**Source data:**
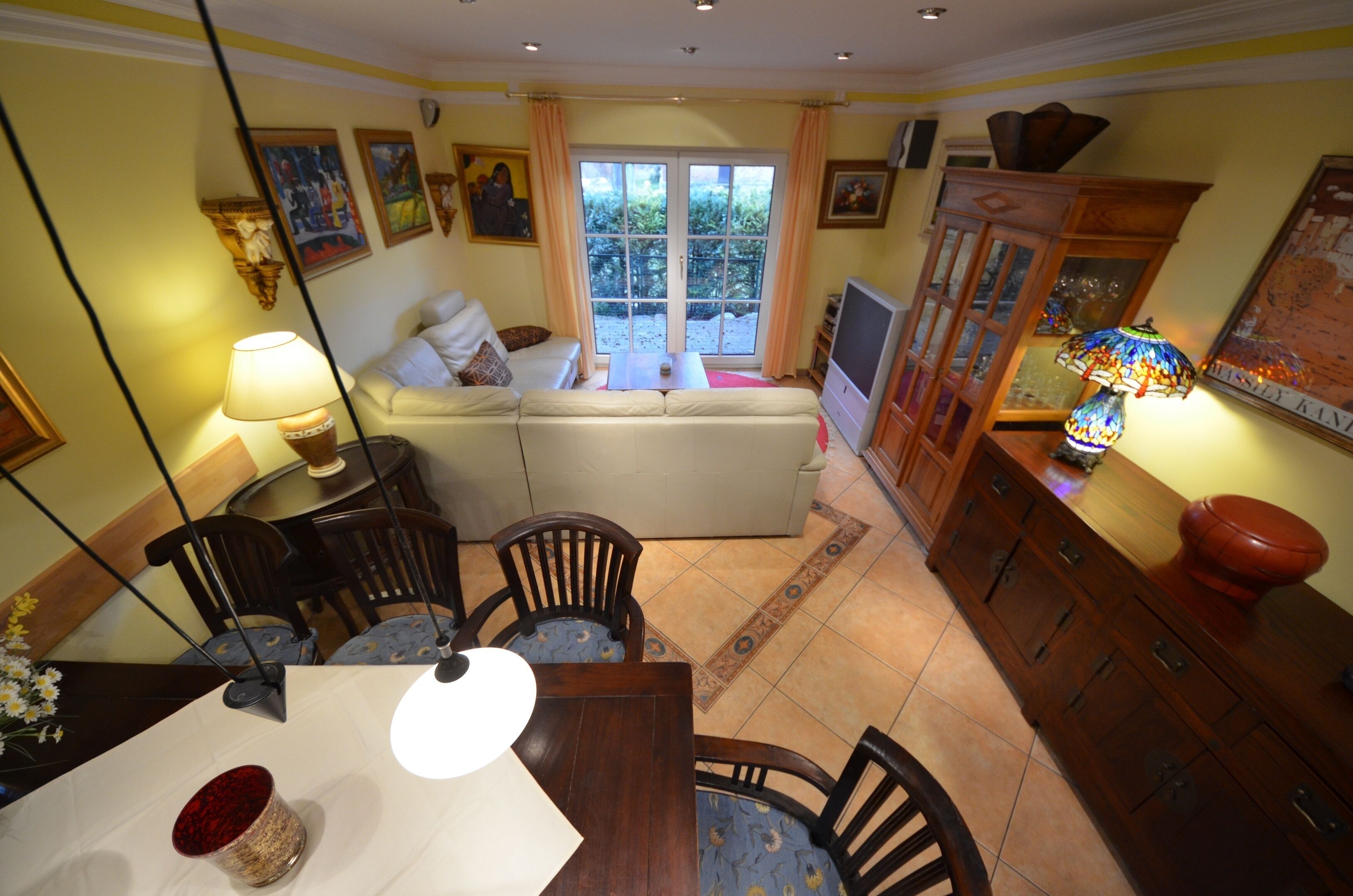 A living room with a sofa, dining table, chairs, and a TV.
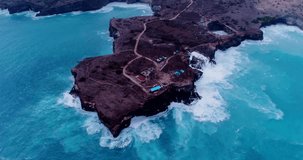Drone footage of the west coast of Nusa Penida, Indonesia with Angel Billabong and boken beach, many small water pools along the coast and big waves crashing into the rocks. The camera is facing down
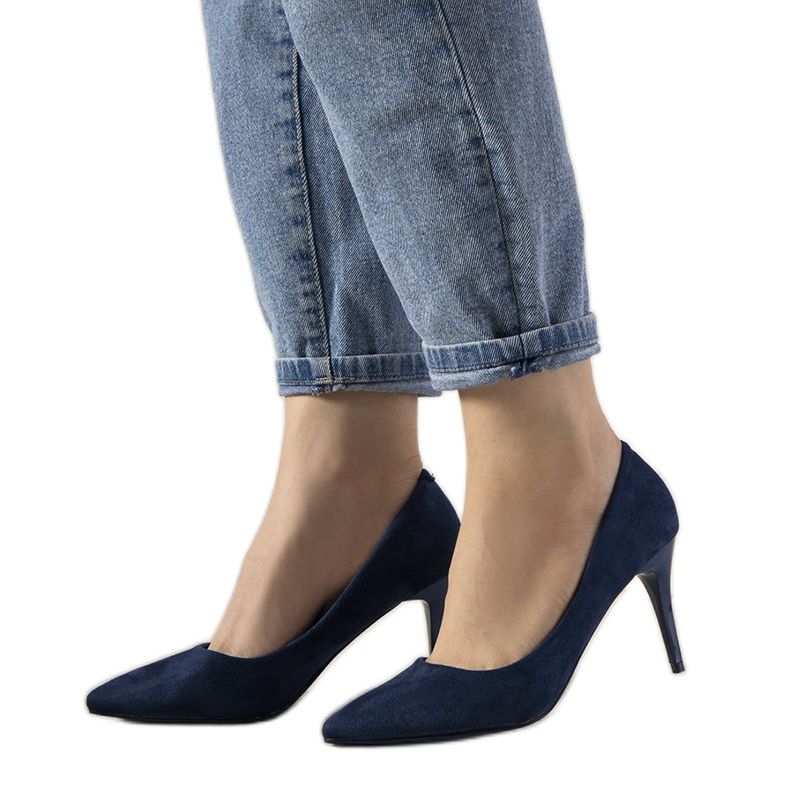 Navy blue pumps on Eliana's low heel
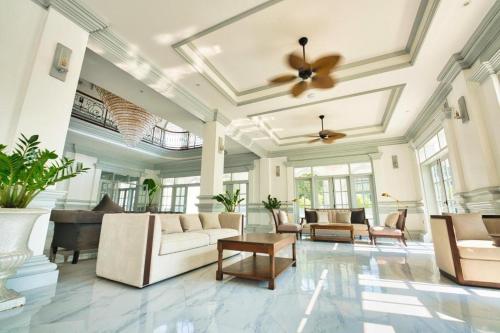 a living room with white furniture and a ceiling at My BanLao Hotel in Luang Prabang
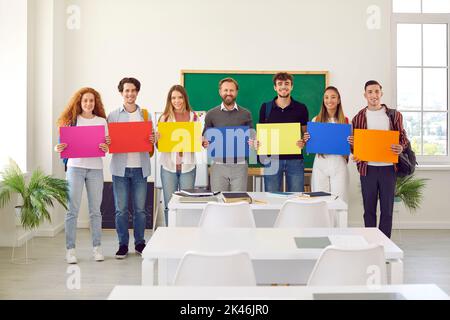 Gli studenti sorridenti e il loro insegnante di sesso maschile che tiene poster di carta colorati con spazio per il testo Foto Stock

**What to do:**
Could you restate the entries word for word, skipping any pictures?

**Answer space:**
 A living room with a sofa, dining table, chairs, and a TV.
Drone footage of the west coast of Nusa Penida, Indonesia with Angel Billabong and boken beach, many small water pools along the coast and big waves crashing into the rocks. The camera is facing down
 Navy blue pumps on Eliana's low heel
 a living room with white furniture and a ceiling at My BanLao Hotel in Luang Prabang
 Gli studenti sorridenti e il loro insegnante di sesso maschile che tiene poster di carta colorati con spazio per il testo Foto Stock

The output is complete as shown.